Az MTA BTK Lendület Morál és Tudomány Kutatócsoportja 2018. április 17-én 16 órai kezdettel szeretettel meghív minden érdeklődőt
Dr. Magdalena Małecka (University of Helsinki, TINT & Central European University, IAS)
Economics imperialism: epistemic advancement, abuse of power – neither, both, or more?
‘So economics is an imperial science’ said proudly George Stigler – a key leader of the Chicago School of Economics. Economics’ fierce critics also call economics imperialistic – for them it is a serious accusation. But does it make sense at all – to use the metaphor of imperialism in order to account for scientific practices and relationships between scientific disciplines? I believe, it does.
My paper contributes to the debate on scientific imperialism and on economics imperialism.
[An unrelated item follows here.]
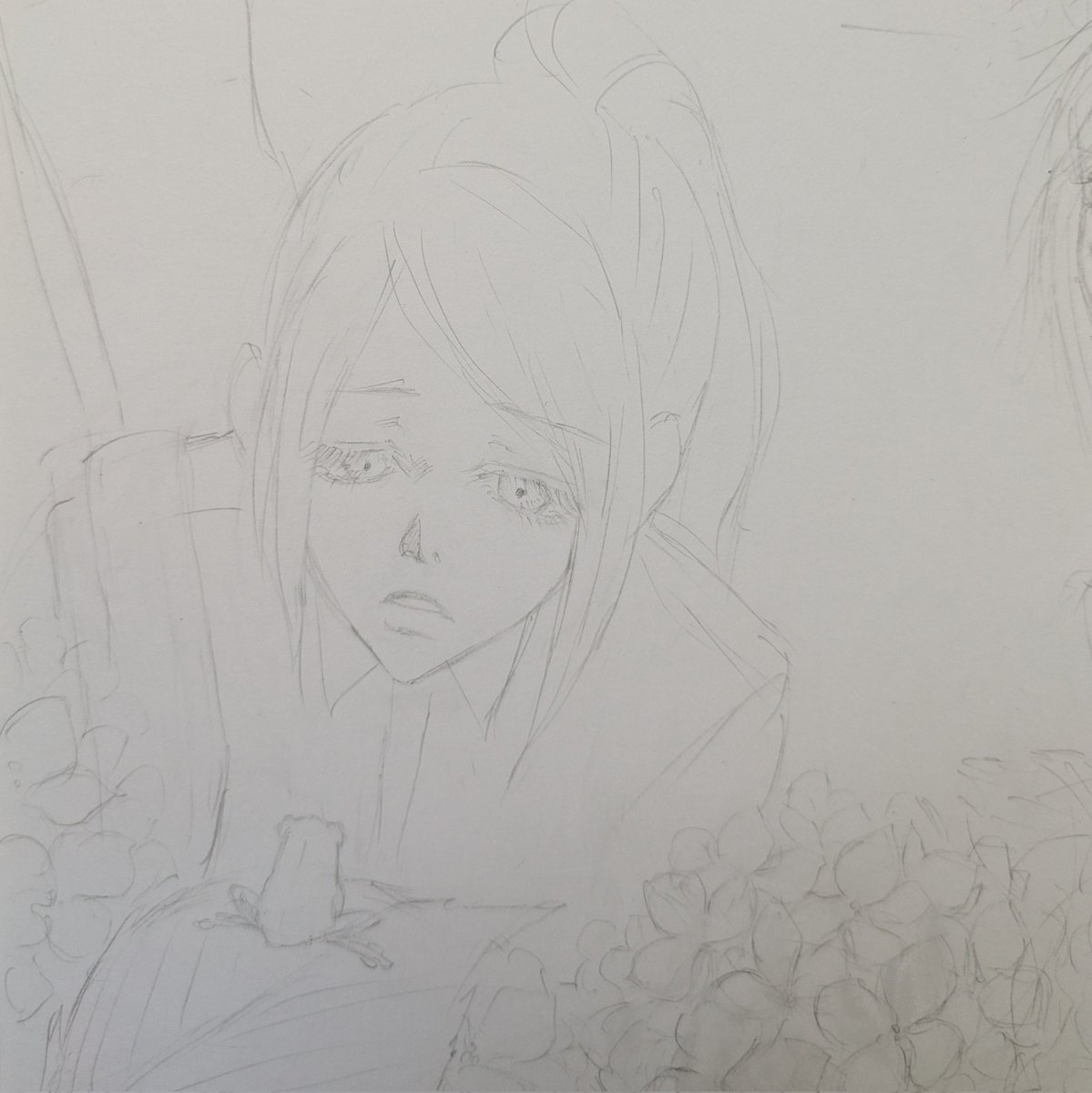 梅雨の怒華雪を描こうと下絵に取り組んでいたのですが、唐突に暝音様のお目めを描きたくなる病を発症しました… ので、描きました 清書ではちゃんと ...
I propose the account of scientific imperialism (a modified and improved version of the idea published in Małecka, Lepenies 2018) and I show how it advances the recent discussion on economics imperialism.
The philosophy of science debate on scientific imperialism has revolved around the question of the permissibility of the application of scientific theories and methods outside the discipline in which they were initially introduced. My proposal builds upon Uskali Mäki’s notion of the imperialism of standing, as well as it accommodates the intuitions of some participants in the discussion that there is something normatively problematic about scientific imperialism. In my view, scientific imperialism is an activity that is related both to a certain view on the superiority of the expanding approach that is endorsed by its proponents (the epistemic aspect of my account), as well as to a power to affect standing of scientific approaches– the expanding approach is institutionally favoured and it gets higher standing in academic and non-academic contexts (the institutional aspect of my account)
I bring the account of scientific imperialism to analyse economics imperialism. In the debate on economics imperialism the different sides emphasize only certain aspects of an imperialistic scientific practice. The proponents of expansion of economics, ‘imperializers’, stress only the epistemic aspects of applying economics outside its domain. They claim that their approach is superior and progressive, as, for example, it enables unification. The critics mostly point out the abuse of the institutional power by economics expanding to other fields. Both aspects should be evaluated, however. Furthermore, it is important to understand, that even if we were able to see the epistemic advancement of applying a certain economic approach to the topics studied already within other research programmes, this wouldn’t make economics imperialism justified. The reason why we treat some applications of economic approaches as imperialistic is that their proponents violate the norms of scientific community that, according to Helen Longino, are conditions for objectivity in science.